Among the many gifts I received through my brief collaboration with the Glenmary Home Missioners early in my Dominican life was the opportunity to get to know and collaborate with Sue Blum Gerding and Isaiah Ministries. Sue entered the Catholic Church as an adult after an Evangelical upbringing. She brought her evangelical energy and joy along with abundant native intelligence and social skills and was a major force in promoting and equipping her new Catholic family for the evangelizing mission. Sue showed me that it was possible to incorporate lay leadership formation into parish mission preaching.

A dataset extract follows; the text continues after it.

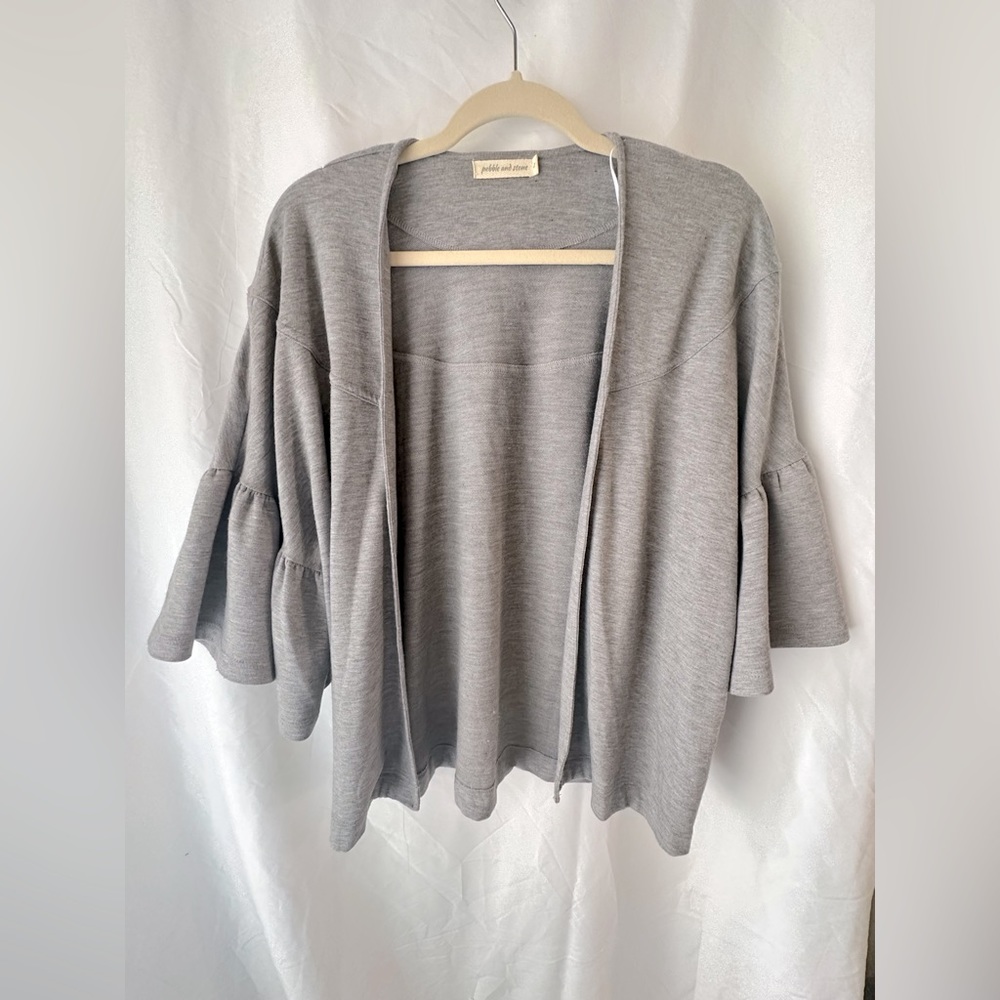Grey Ruffle Sleeve Cardigan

So when two former students—Liliana Ronderos and MaryKay Arroyo—from the Rice School of Ministry in the Diocese of Venice (FL) contacted me and asked me to preach a Lenten Mission in their parish in mid-March, I agreed on the condition that they let me do it the way Sue taught me to do it. Happily, they along with their pastor, Fr. Rafal Ligenza, agreed. We had to adapt, but essentially it meant that there would be a local team of parishioners who would assist me to preach the mission in word and in ritual. It also meant that an essential aspect of the mission would be supporting outreach to the poor through the ministry of the Congar Institute.
The team of fifteen parishioners generously agreed to gather for a full-day retreat on the Saturday before the mission. We built community, shared faith, and assigned ministry tasks for the Monday-Wednesday mission. Some of the members were invited to preach with me by sharing an experience of faith around the topic of the evening. Each evening, we met prior to the event to plan and pray and after the event to evaluate and give thanks to God. Many reflected on the faith experience that they had, simply observing fellow parishioners’ inspiring engagement with each evening’s focus and ritual. Some observed that the experience was a first for them on many levels.
During my time, I had the opportunity to observe how the parish was already active in showing the face of Christ to the local community, especially by hosting and running the largest food pantry in the area. I met with women who gathered each week to study the Bible together and I had the opportunity to meet with the local chapter of Dominican Laity.
Although I once did it regularly, I had not preached a parish mission in a very long time. I decided to try it as an experiment, to see if this can become an effective means to introduce more people to the mission of the Congar Institute and invite them to participate in our mission. I could see the wisdom in Sue’s approach. Her focus was on forming missionary disciples, including a discipleship that was expressed in support of ministry with underserved populations. What I discovered was that it can also be an important means for forming the laity to understand their co-responsibility for the church’s being and activity, as Pope Benedict put it.